Esas No: 2018/2220
Karar No: 2018/6082
Karar Tarihi: 01.10.2018
Yargıtay 20. Hukuk Dairesi 2018/2220 Esas 2018/6082 Karar Sayılı İlamı
"İçtihat Metni"
MAHKEMESİ :Kadastro Mahkemesi
Taraflar arasındaki davanın yapılan duruşması sonunda kurulan hükmün Yargıtayca incelenmesi davacı Hazine, müdahil davacı ... Yönetimi, davalı-müdahil davacı ... ve bir kısım davalı gerçek kişiler vekilleri tarafından istenilmekle, süresinde olduğu anlaşılan temyiz dilekçelerinin kabulüne karar verildikten sonra dosya incelendi, gereği düşünüldü:
K A R A R
Kadastro sırasında ... köyü, 102 ada 11; 107 ada 53, 62, 108, 109, 110, 112; 108 ada 10; 118 ada 35 ve 121 ada 90, 134 sayılı parsellerden;
102 ada 11; 107 ada 53, 108, 118 ada 35 ve 121 ada 90 parsel sayılı sırasıyla 556,65 m²; 1490,34 m²; 7.198,35 m²; 4103,71 m² ve 5765,01 m² yüzölçümündeki taşınmazlar kazandırıcı zamanaşımı zilyetliğine dayanılarak, 11 parsel “ev ve bahçe” diğer parseller ise “tarla” vasfıyla 1/4’şer oranında hisseli olarak davalılar ..., ..., ... ve ... adlarına;
107 ada 112 parsel sayılı 654,79 m² yüzölçümündeki taşınmaz kazandırıcı zamanaşımı zilyetliği nedeniyle “tarla” vasfıyla 1/5’şer oranında hisseli olarak davalılar ..., ..., ..., ... ve ... adlarına;
107 ada 62 ve 121 ada 134 parsel sayılı sırasıyla 1.961,74 m² ve 4987,55 m² yüzölçümündeki taşınmazlar kazandırıcı zamanaşımı zilyetliğine dayanılarak “tarla” vasfıyla davalı ... adına;
107 ada 109, 110 ve 108 ada 10 parsel sayılı sırasıyla 3.202,24 m²; 9.56,52 m² ve 676,40 m² yüzölçümündeki taşınmazlar kazandırıcı zamanaşımı zilyetliğine dayanılarak “tarla vasfıyla 1/2’şer oranında hisseli olarak davalılar ... ve ... adlarına; tespit edilmişlerdir.

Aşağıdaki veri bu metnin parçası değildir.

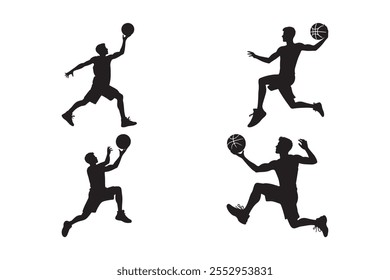 Basketball Player Silhouettes Vector for Posters, Logos, and Graphics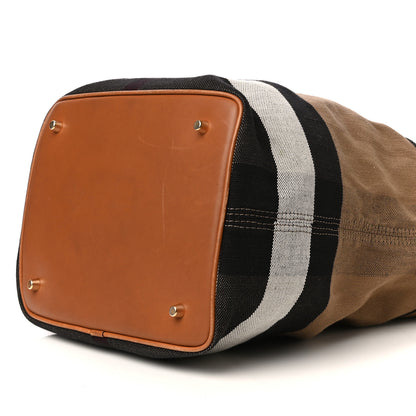 Burberry Grainy Calfskin Canvas Mega Check Medium Ashby Tassel Hobo Saddle Brown 9 of 13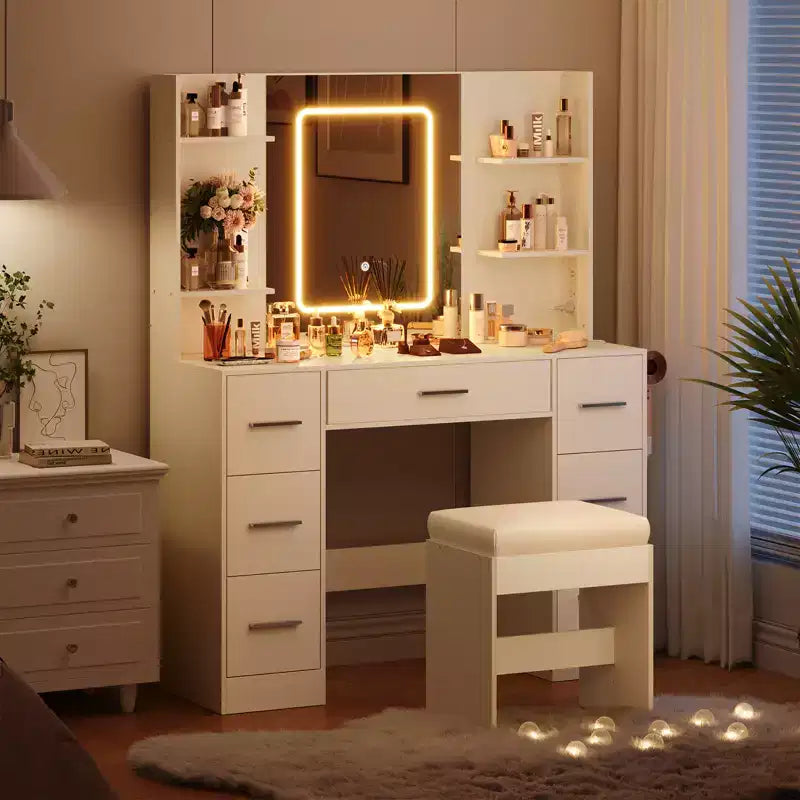Vanity Desk with Lights, Mirror & Chair - Makeup Vanity Table with 7 Drawers, 6 Shelves & Adjustable Lighting
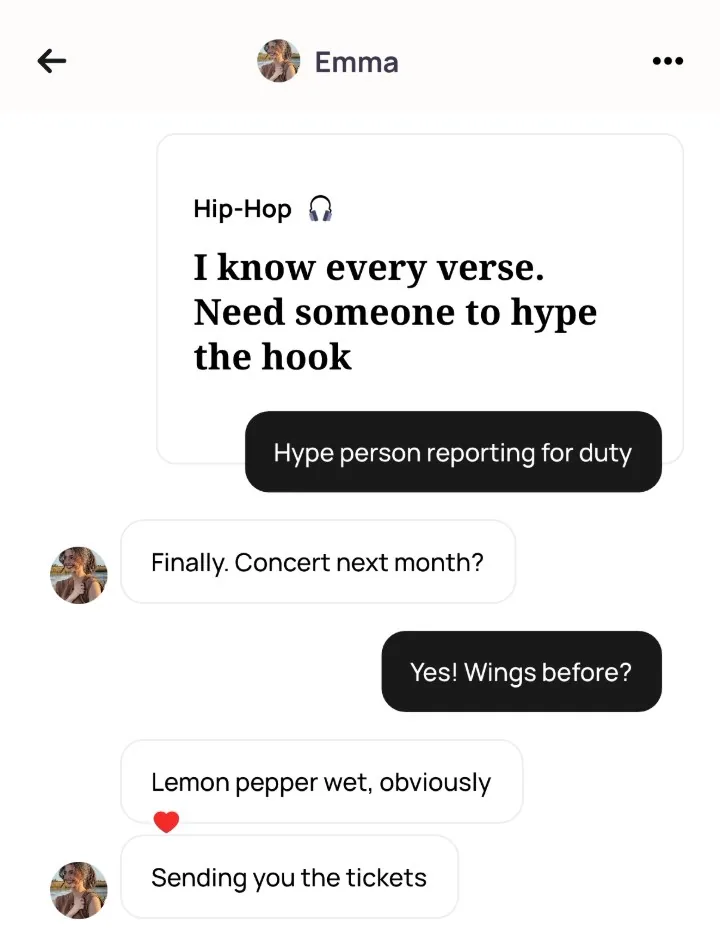 An Alyke chat with Emma that starts under her Hip-Hop card, from Hype person reporting for duty to Lemon pepper wet, obviously, and ends with Sending you the tickets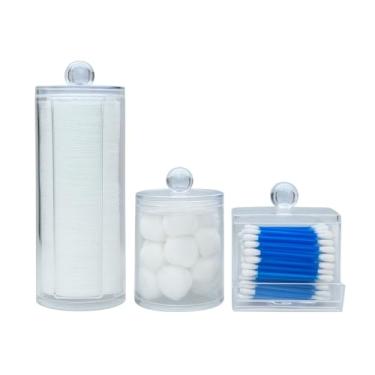 Imagem de Porta Objetos em Acrílico Organizador de Algodão e Cotonete Super Resistente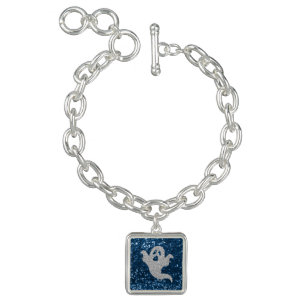 GlitterGhost TealFauxGlitter Silver Charm Bracelet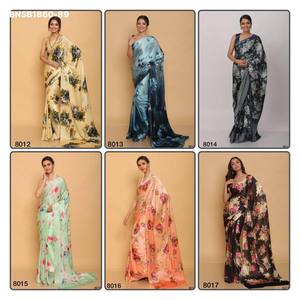 Magnifique sari en soie satinée japonaise avec impression numérique riche - Collection de blouses en soie diamantée - Exportateur de mode féminine - Fournisseur indien - Product Image 6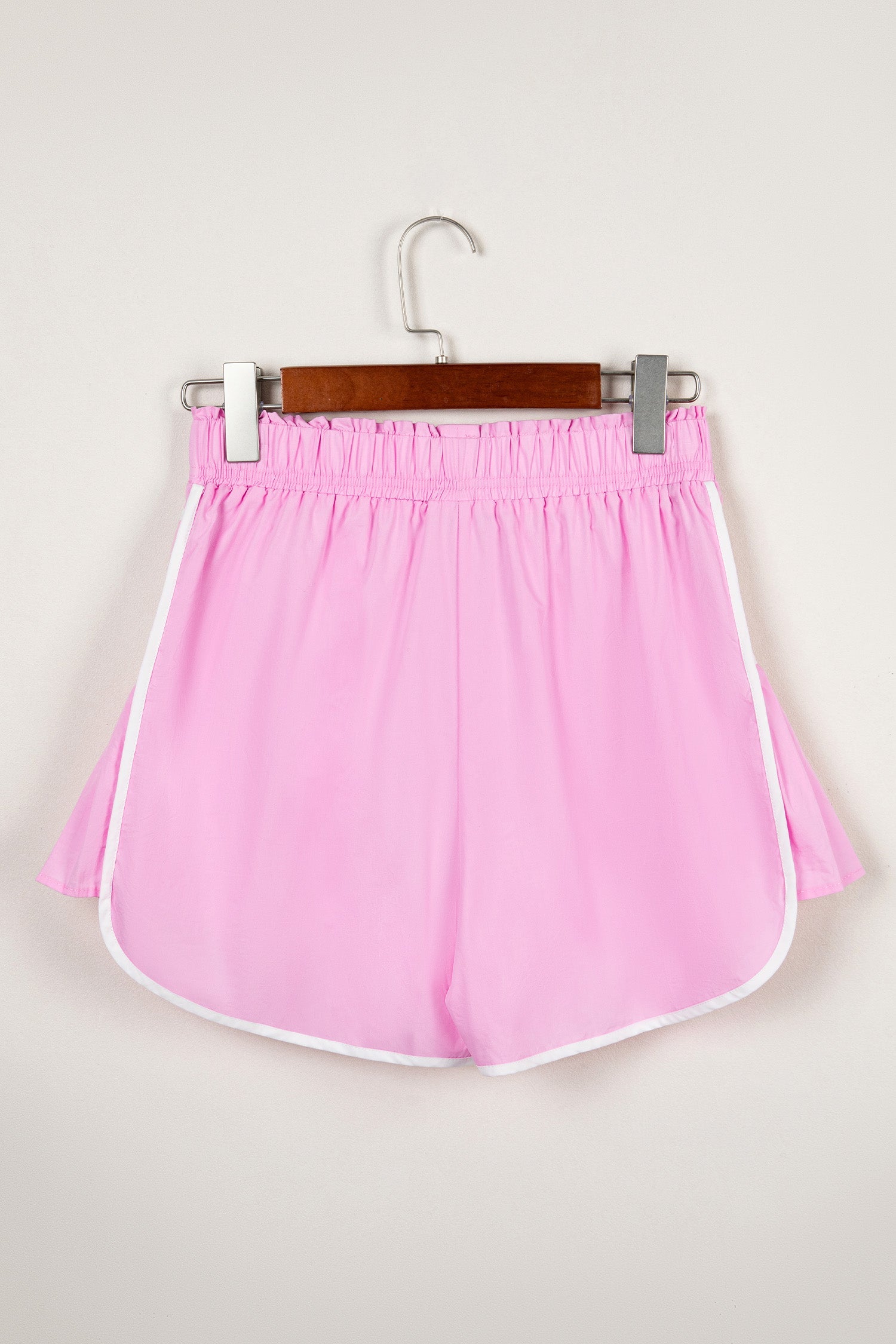 Contrast Trim Pleated High Waist Active Shorts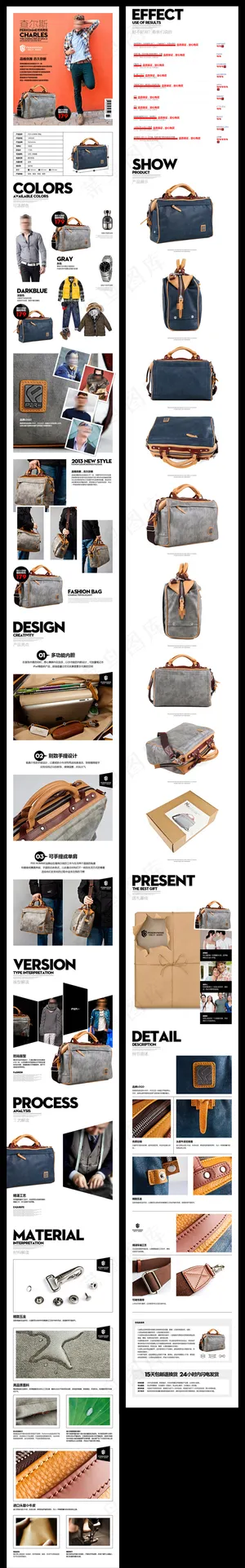 淘宝时尚男包背包宝贝详情页模板素材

Davacı Hazine vekili 28/03/2006 havale tarihli asıl ve birleşen dosya dava dilekçelerinde, dava konusu parsellerin Devletin hüküm ve tasarrufu altında olan yerlerden olduğu iddiasıyla, taşınmazların kadastro tespitinin iptali ile Hazine adına tescili isteğiyle dava açmıştır.
Davalı-müdahil davacı ..., 21/07/2010 havale tarihli harçlı dilekçesiyle 107 ada 112 sayılı parselde davalı ...’un hakkı olmadığı halde 1/5 oranında adına paylı tespit edilmesinin doğru olmadığı iddiasıyla davaya katılmıştır.
Müdahil davacı ... Yönetimi 04/05/2011 tarihli harçlı dilekçesiyle, dava konusu taşınmazın ... sayılan yer olduğunu belirterek, taşınmazın ... vasfıyla Hazine adına tescili isteğiyle davaya katılmıştır.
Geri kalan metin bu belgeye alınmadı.